Detrital sedimentary rocks may display a change in grain size known as graded bedding. In rocks with graded bedding, layers display a gradual change from coarser grains at the bottom of a bed to finer grains at the top. There are many other types of sedimentary structures, including cross-bedding, desiccation cracks (shrinkage features in drying clay), and ripple marks (ancient ripples), similar to features observed on modern-day beaches.


In contrast to detrital rocks, chemically formed sedimentary rocks are not derived from pre-existing rocks, but were instead formed by the precipitation of ions dissolved in water or by the accumulation of organic matter (petroleum, coal, etc.) in oceans or shallow seas. Chemical sedimentary rocks can be identified by their physical properties or by the minerals making up the rock. These rocks have variable porosity and permeability, and their textures range from microscopic to coarsely crystalline. The main types of chemical sedimentary rocks are carbonate rocks, siliceous rocks, carbonaceous rocks, various types of rock salts, and ironstones.
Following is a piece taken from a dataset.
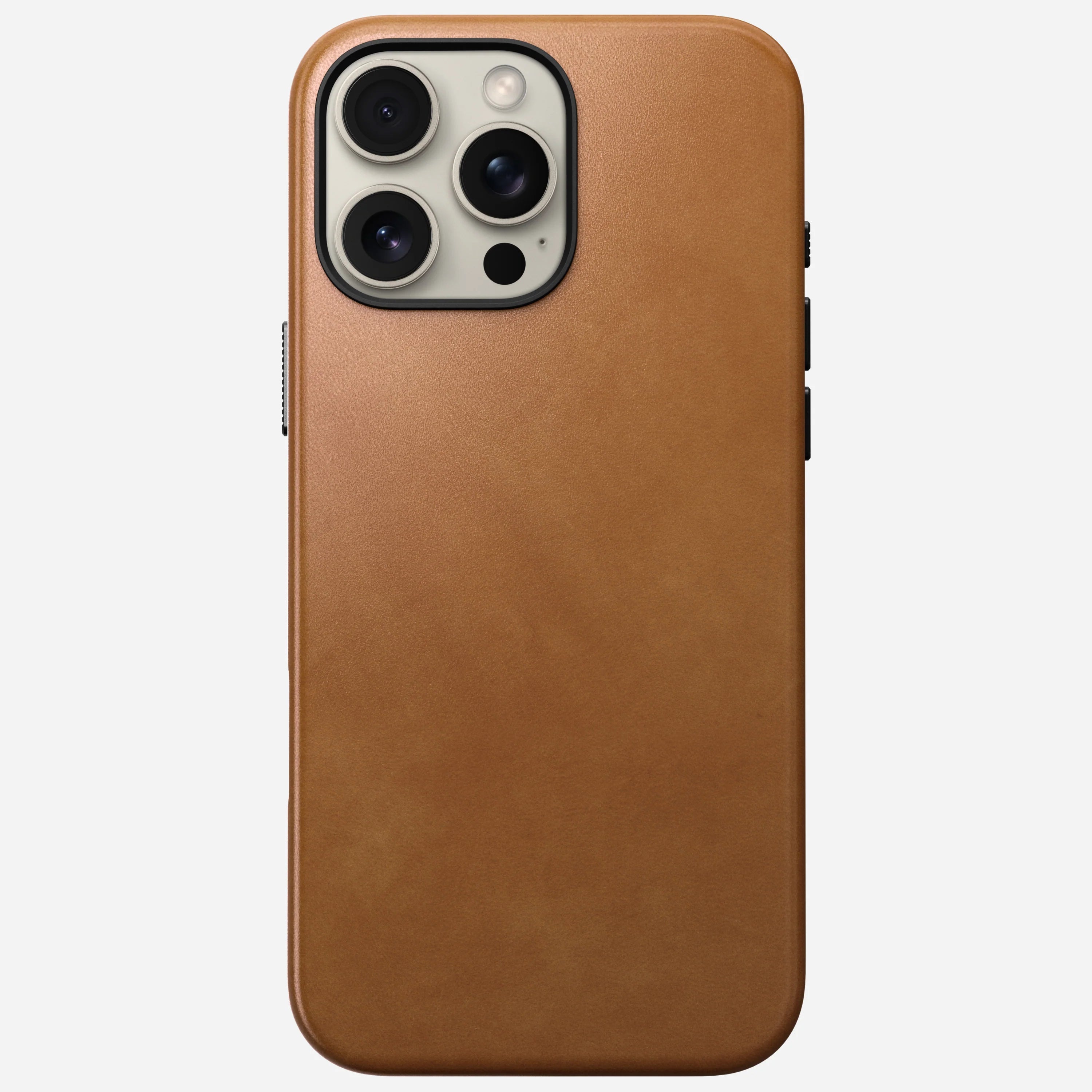 Nomad Traditional Leather Case for iPhone 16 Pro Max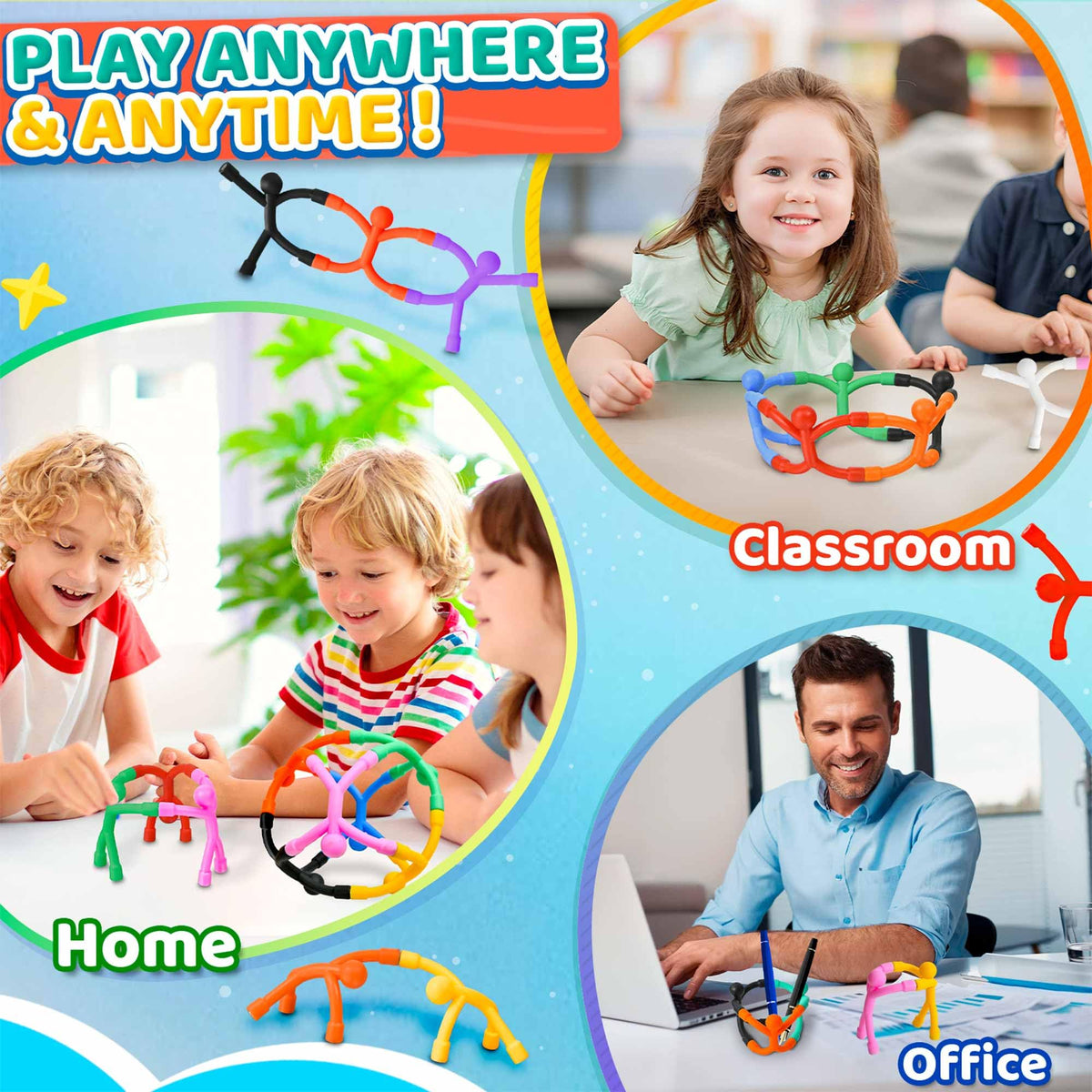 Zemobra compact travel toy box—ready-to-pack packaging for on-the-go play.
Deep under the Earth’s crust, the temperatures and pressures are high enough to transform existing rocks into metamorphic rocks. These transformations occur in the solid state, producing significant changes in the original rock’s mineralogy and texture (the size and arrangement of its grains). Igneous and sedimentary rocks can undergo metamorphism, and previously metamorphosed rocks can be re-metamorphosed.

Metamorphism caused by continental-scale or regional-scale deformation of the Earth’s crust is known as regional metamorphism, whereas metamorphism caused by faults or intrusions is called cataclastic or contact metamorphism. Contact metamorphism occurs along the edges of a magmatic chamber where the surrounding rocks are subjected to the high-temperature effects of the molten rock, creating a metamorphic halo. Along faults and shear zones, metamorphism is characterized by relatively minor changes in mineralogy accompanied by variable degrees of fragmentation. This type of metamorphism is local in scale, limited to the immediate zone of deformation.

Minerals that only form under specific temperature and pressure conditions are known as metamorphic indicators. Even though they may only be present in small amounts, metamorphic indicator minerals can be used to determine the intensity of the metamorphism that affected the rock.

Types of metamorphic rocks
Many metamorphic rocks display an alignment of flaky or needle-like minerals. This arrangement produces foliated or banded textures. Other metamorphic rocks display a massive texture, without any preferential mineral direction. Some metamorphic rocks are schistose, causing them to split into thin sheets or slabs. The main metamorphic rocks are slate, schist, gneiss, amphibolite, marble, quartzite and serpentinite.